MOI TEACHING AND REFERRAL HOSPITAL ..................................................APPLICANT

AND

KENYA UNION OF DOMESTIC HOTELSEDUCATIONAL INSTITUTIONS, HOSPITALS

& ALLIED WORKERS ....................................................................................RESPONDENT

(An application for extension of time to appeal from the award of the Industrial Court of Kenya at Nairobi (Chemettut, J.) dated 23rd November, 2010

in

IND. CAUSE NO. 570 (N) OF 2009)

****************************

RULING

The applicant seeks an order under rule 4 of the rules of this Court as follows: -

“a) The applicant be granted an order extending the time within which to lodge a notice of appeal from the award of the Industrial Court made and delivered on the 23rd of November, 2010 and the Notice of Appeal lodged in the Registry of the Industrial Court on the 9th day of December, 2010 be deemed to have been properly lodged.”

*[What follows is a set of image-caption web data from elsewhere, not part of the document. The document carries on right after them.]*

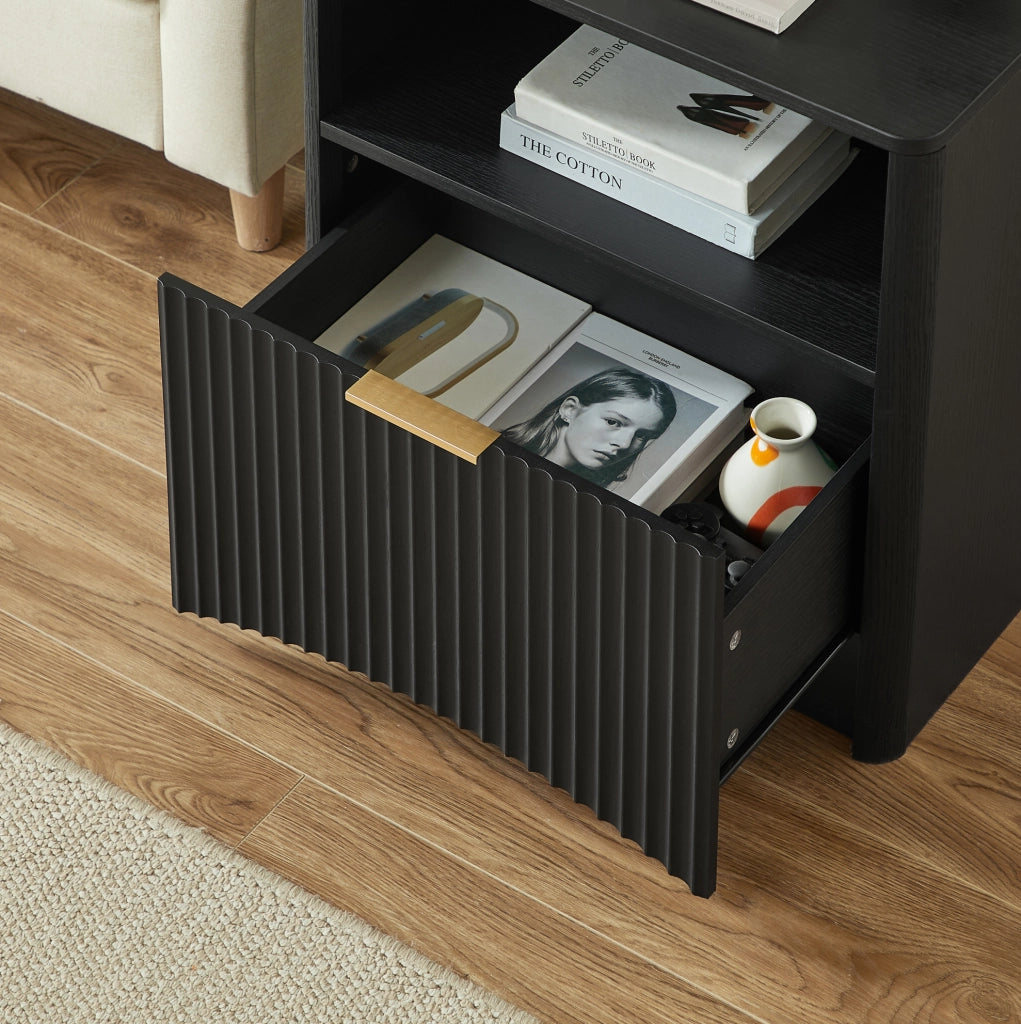 Comodino nero scanalato con cassetto e vano portaoggetti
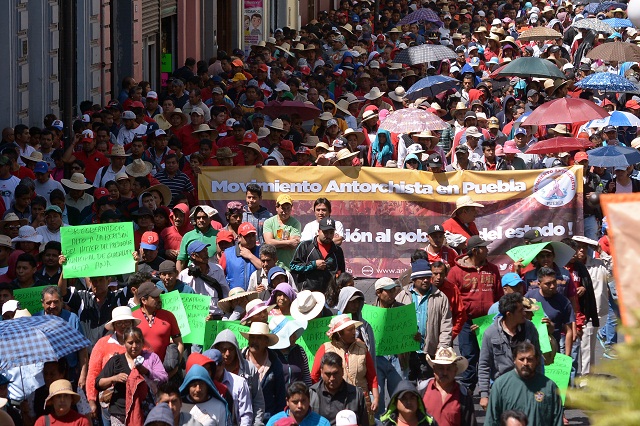 Va Barbosa contra concesiones piratas de Antorcha Campesina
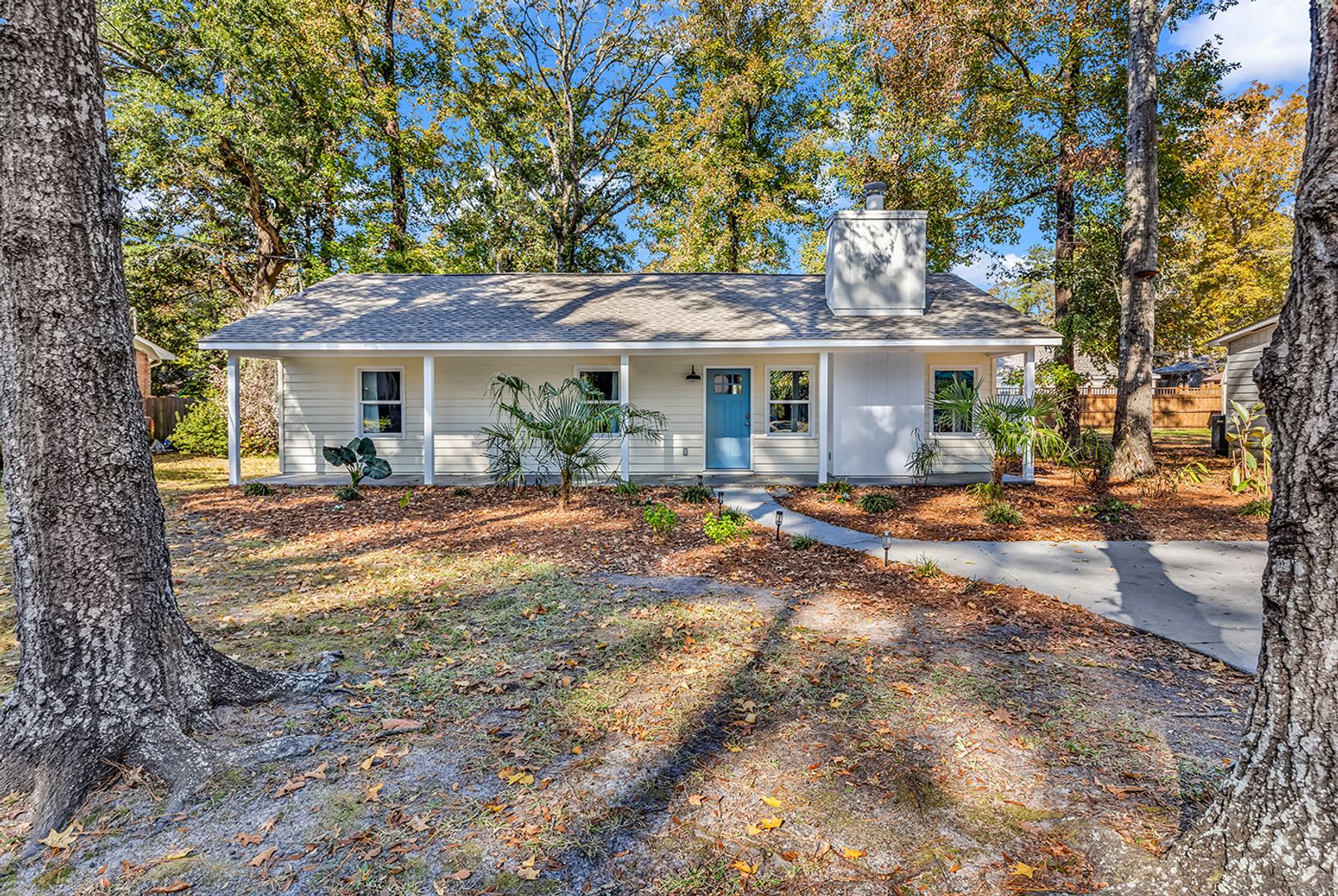 Fully upgraded, Pet-Friendly, Three Bedroom Furnished Home is Now Available in NMB! – photo 1
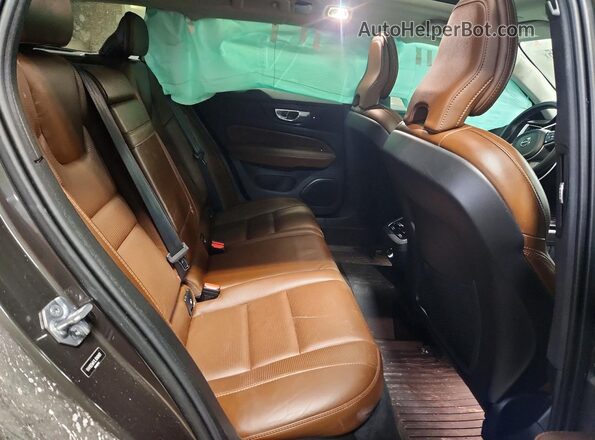 YV4102WK1L1040401 2020 VOLVO V60 Charcoal Vista de los asientos traseros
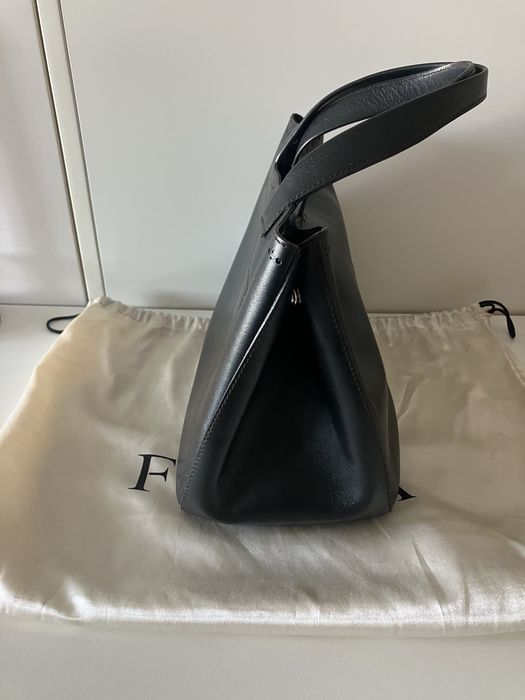 Mala FURLA de mão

The award referred to was made in a dispute filed by the respondent on behalf of one of its members who was an employee of the applicant. The employee had complained that the applicant had dismissed her summarily, allegedly for using abusive language and ejecting other members of staff from their work stations in an effort to force them into an illegal procession, as well as other gross misconduct. The dismissal was communicated to the employee by the Acting Director of the applicant. Her appeal to the Board of Management of the applicant was rejected, hence her appeal to the respondent Union which took over the matter but made no headway in settling it, before resulting to court action.

It was contended for the employee that she was not given a reasonable opportunity to be heard in her defence since she never misconducted herself as alleged. It was also contended that the employee was dismissed by an officer who had no authority to do so under the law governing the applicant. The applicant on its part contended that it had fully complied with the law and procedure in dismissing its employee.

The Industrial Court was persuaded after hearing the parties that the applicant did not accord the employee the right to a fair hearing and was in breach of substantive as well as procedural law, and further that the Acting Director had no authority to discipline the employee. It quashed the dismissal of the employee and ordered her reinstatement and payment of her salary and other emoluments within 21 days of the award. The award was made on 23rd November, 2010.

The applicant was aggrieved by that order and proceeded to instruct its advocates on record to file a Notice of Appeal, which was drawn up on 7th December, 2010. It would have been timeous if the notice of appeal was filed and served on the same day but it was not. It was filed two days later on 9th December, 2010 and was served on the same day.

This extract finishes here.